On May 21, 2015, the Union Cabinet gave its approval for amending the definition of Non-Resident Indians (NRIs) in the Foreign Direct Investment (FDI) Policy and to clarify that investments made by NRIs on non-repatriable basis shall be treated at par with domestic investments

(G )   Direct Equity – Shares

NRIs can invest in Indian shares through Portfolio Investment Scheme (PIS) of the Reserve Bank of India (RBI). Each transaction through the PIS account is reported to the RBI.

Long term capital gains made on the sale of shares after 1 year from the date of purchase are tax-free Short term capital gains, profits on sale within one year of date of purchase, are subject to a TDS of 15%. 

(H)   Real Estate

Investing in real estate is easy for NRIs under the ambit of Foreign Exchange Management Act (FEMA). An NRI or a Person of Indian Origin (PIO) can invest in both residential and commercial properties in India. But they are not allowed to invest in agricultural land, plantation property and farm house. They can own such properties only if it is gifted to them or inherited.

 (I )  Public Provident Fund (PPF)

PPF is a 15 year scheme of the government with an option to extend it after 15 years in blocks of 5 years. It allows tax benefits under Section 80C and the maturity amount is also tax free. This is a good option for debt investing and can be used as a retirement tool to ensure tax free withdrawal.

NRIs can’t open a PPF account. But those who opened a PPF account before they actually got NRI status can continue the account until it matures. But they cannot extend it after 15 years. On maturity, either, they can close the account or can keep it there and enjoy tax free interest till they close the account. It is recommended that you open a PPF account before becoming an NRI.

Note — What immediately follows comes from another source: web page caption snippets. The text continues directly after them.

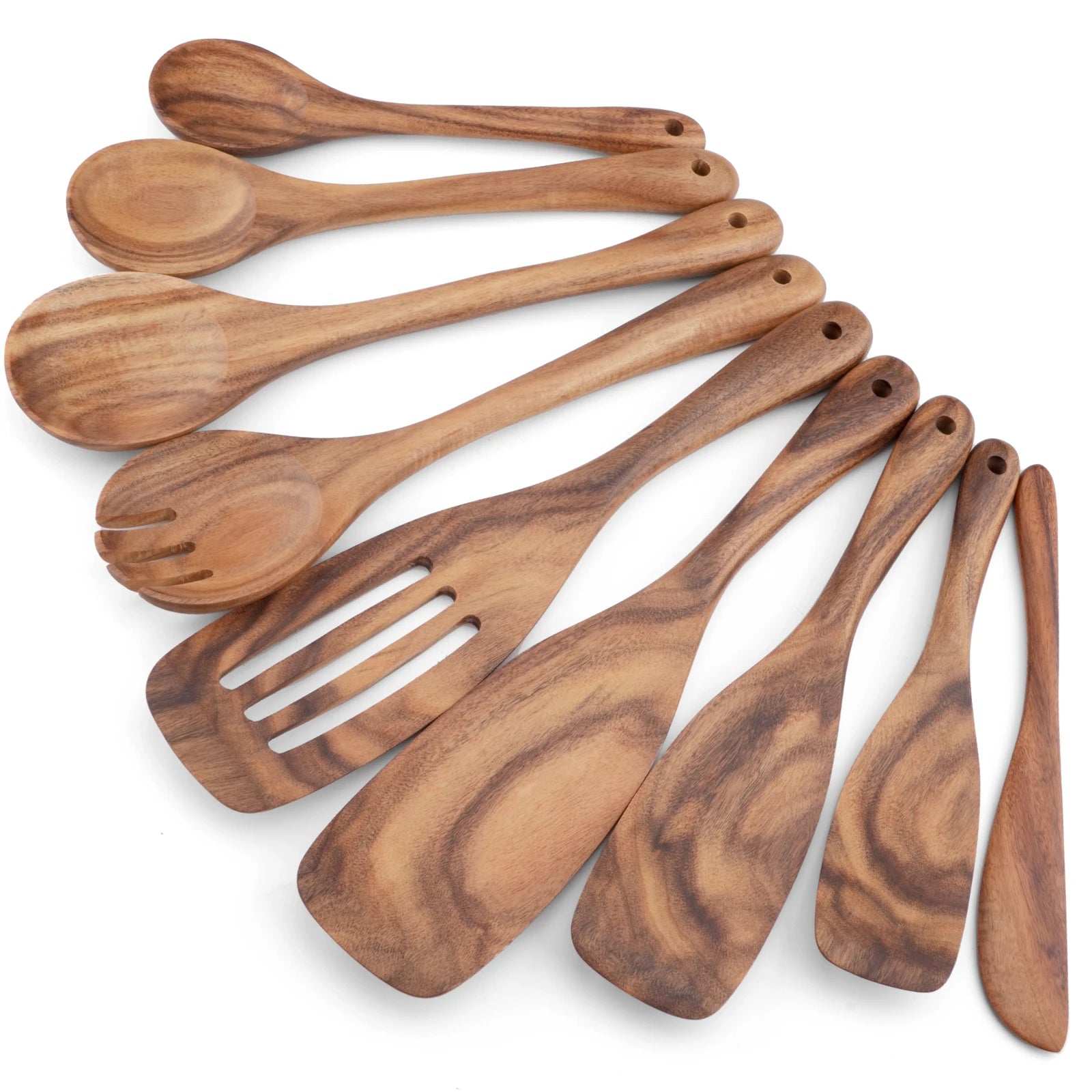9 PCS Kitchen Utensils Set Wooden Hand Made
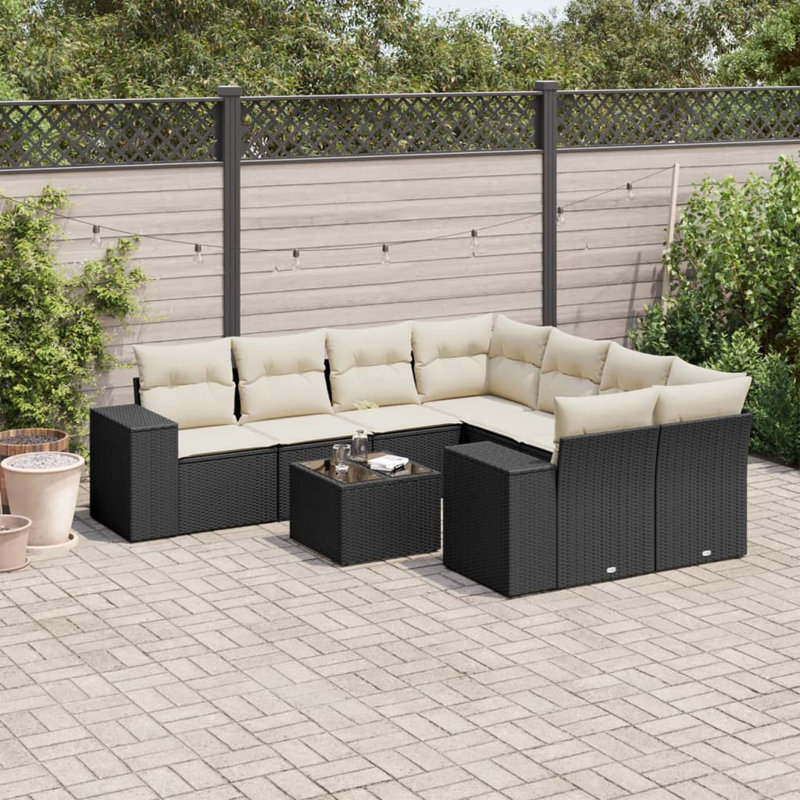 Ensemble de canapé de jardin Vidaxl noir, blanc crème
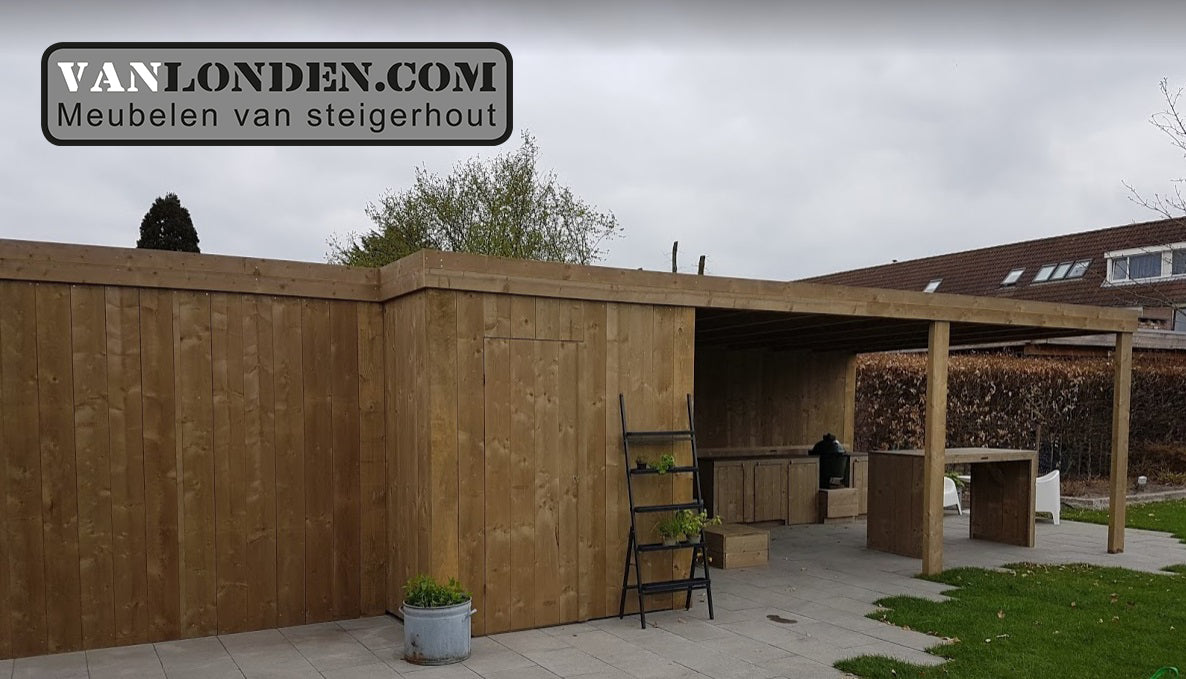 Overkapping met schuur en buitenkeuken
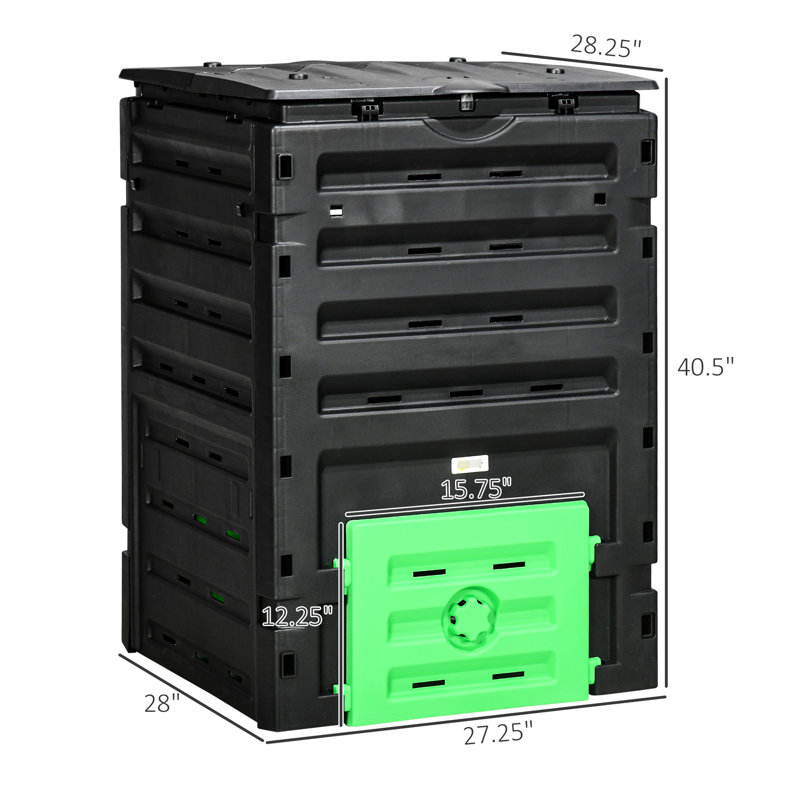 Compost Bin 120 Gallon - , 80 Vents For Quick Formation, 2 Sliding Doors, Strong & Robust, Black Garden Material, Composting, Lightweight,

 ( J )   National Pension System (NPS)

NPS is an easily accessible, low cost, tax-efficient and flexible retirement savings account. Under the NPS, the individual contributes to his retirement account. NPS is designed on defined contribution basis wherein the subscriber contributes to his own account. The benefit subscribers ultimately receive depends on the amount of contributions, the returns made on the contributions and the period of contributions.